Rational35
AK Subscriber
I have to agree. You haven't lived till you have experienced, Big Altec, JBL or Meyer systems. They can be as focused as small system yet present the sound of a full orchestra, wind band, or Pipe organ as no other system can <snip for brevity> A way to reproduce sound with scale, dynamics and pleasure as the the world spread before us as we travel in style.

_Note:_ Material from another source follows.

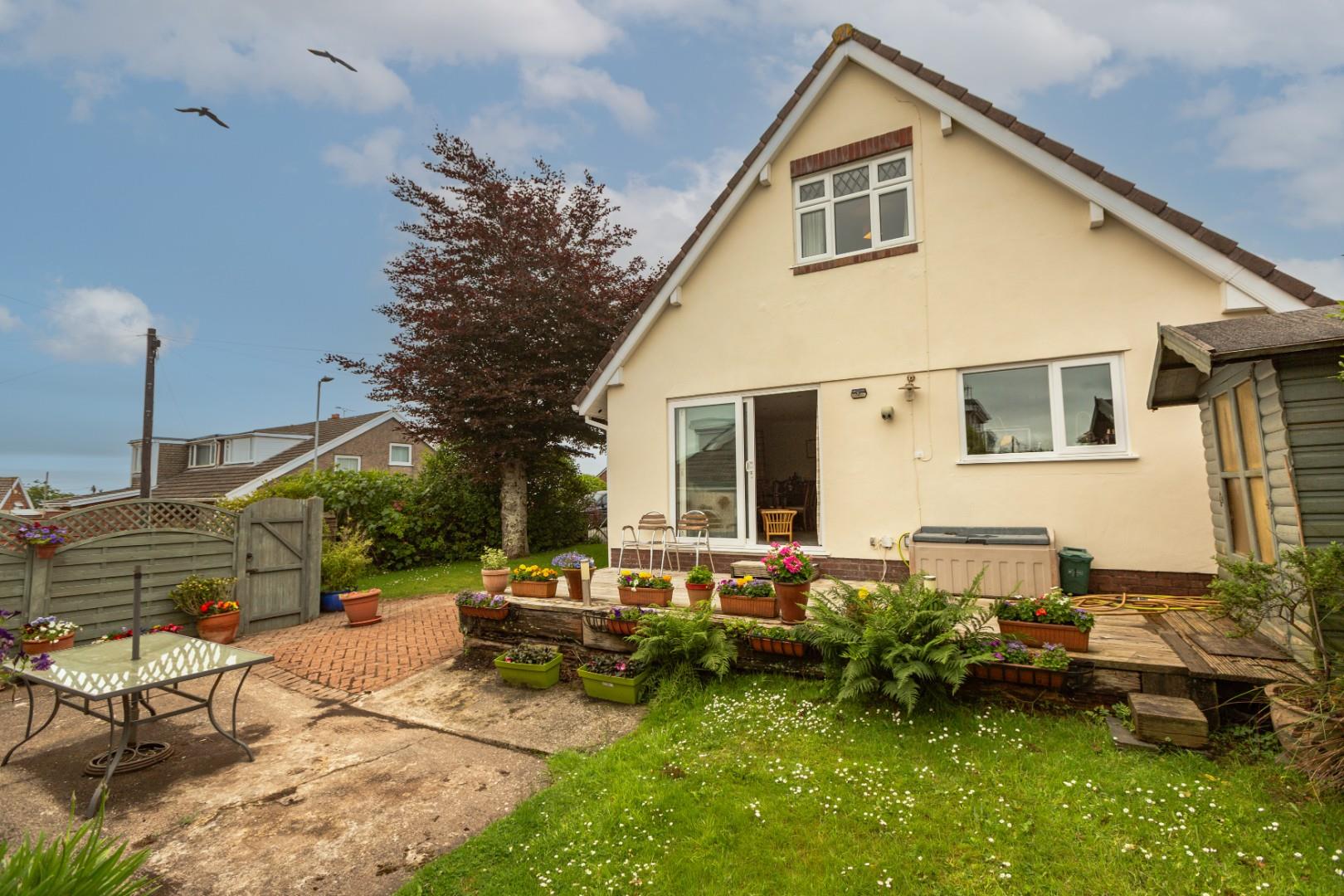 Fulmar Close, West Cross, Swansea, SA3 5RD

Yes Sir! I have seen a divergence in this thread- those who "get it", and those who *think* they "get it". I'm not tryin to pick on anyone; we all form our preferences from experience. It depends on the "scale" we have experienced. As a live sound engineer who has worked a good number of the clubs, theaters, arenas, and stadiums in North America, with many performing artists of different musical genres, I know intimately what @twiiii speaks of. I know what live instruments sound like when I stand way too close to them on stage
But, it wasn't until I brought a big Altec theater system *into my home*, that I really "got it". 4 15"s per side, large-format compression drivers on multicell horns, and JBL baby-cheek tweeters in an active/passive system with solid-state amps on bottom, tubes on top... in a 15' x 25' x 9' room.

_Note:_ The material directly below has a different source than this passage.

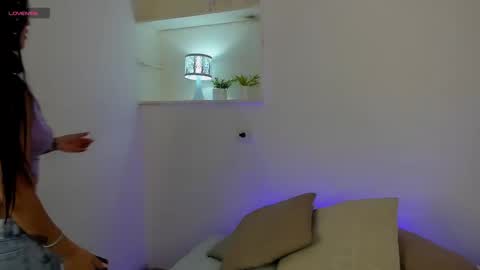 Cylie online show from March 3, 12:01 am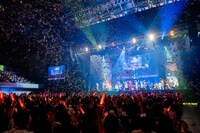 博多大吉のパフォーマンスの様子。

We didn't listen to music. We attended concerts.
@WaynerN, Man you've been dancing around this, is SWMBO watching while you type? Please don't take offense, I'm kidding- you clearly get the concept But my take is, if the speakers will fit in the room, and there's room left for a chair, then the speakers are not too big for the room. We have simply made the transition from modal space to pressure-zone.

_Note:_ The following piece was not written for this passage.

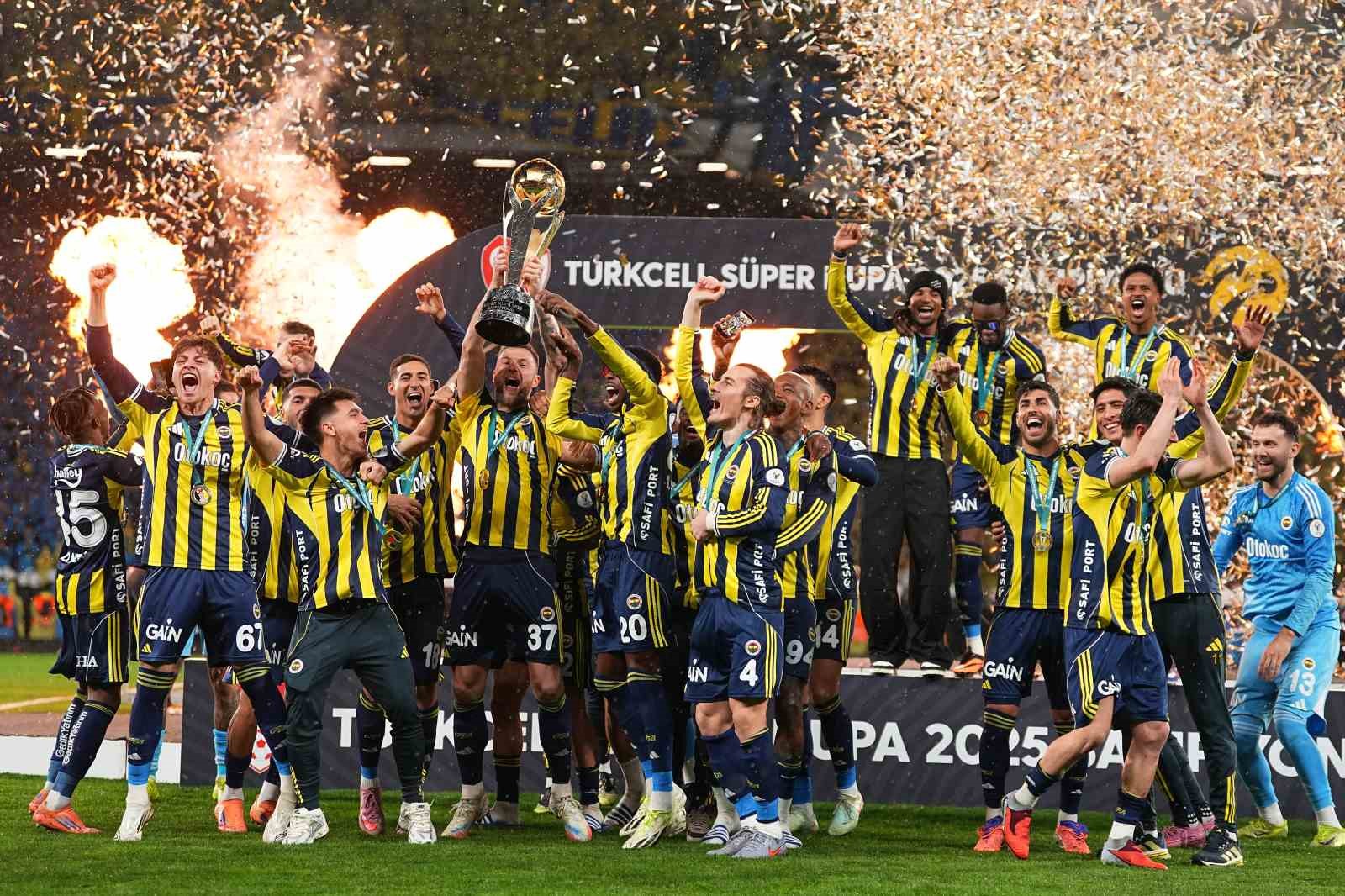 fenerbahce kupayi kaldirdi 26 JddZuLQd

There are not enough smilies in the library to punctuate this post without it looking stupid. So I'll trust y'all sense o'humor.
<edit> Oh, I meant to mention, "dispersion" is highly over-rated, IMO. More important is a smooth transition of directivity. From omni in the bass (unless you're using a cardioid dipole) , to an 80-90 degree pattern for the top four octaves (with possible dipole advantages here, too). Which is why I like well-designed waveguides with compression drivers, and abhor dome tweeters. This has been covered in depth by Geddes, Parham, and others. (desperately trying to unsqueeze toothpaste back into the tube) :lol:
<edit2> It's not about bass. There must be balance. It's about effortless bass.
It's not about volume or loudness. With the Altecs, I could create the auditory illusion of being at a live concert, but still hold conversation with someone 6 feet away, without raising our voices. The Stage was just far enough away that we could do that.
As freQ(*)Oddio opined in the defining article of this thread, it is about scale. Not volume, loudness, nor bass. Scale. I like that observation.
<edit3> It's about efficiency of energy conversion. Efficient (pro) drivers sound more "alive and real" to me than low-efficiency audiophile drivers which measure better at small-signal tests. I just know that a 82-86dB/1w/1m woofer is going to sound less "alive and real" than a 95-98dB/1w/1m woofer, no matter what the simulations and measurements say, at the same acoustic volume level. One night, just for giggles, I hooked an oscilloscope to the amp outputs feeding the Altecs, from 70Hz up. Cranked the level up to the max anyone was comfortable with- rock concert levels in our basement living room. We hit occasional peak levels of 4 watts per channel.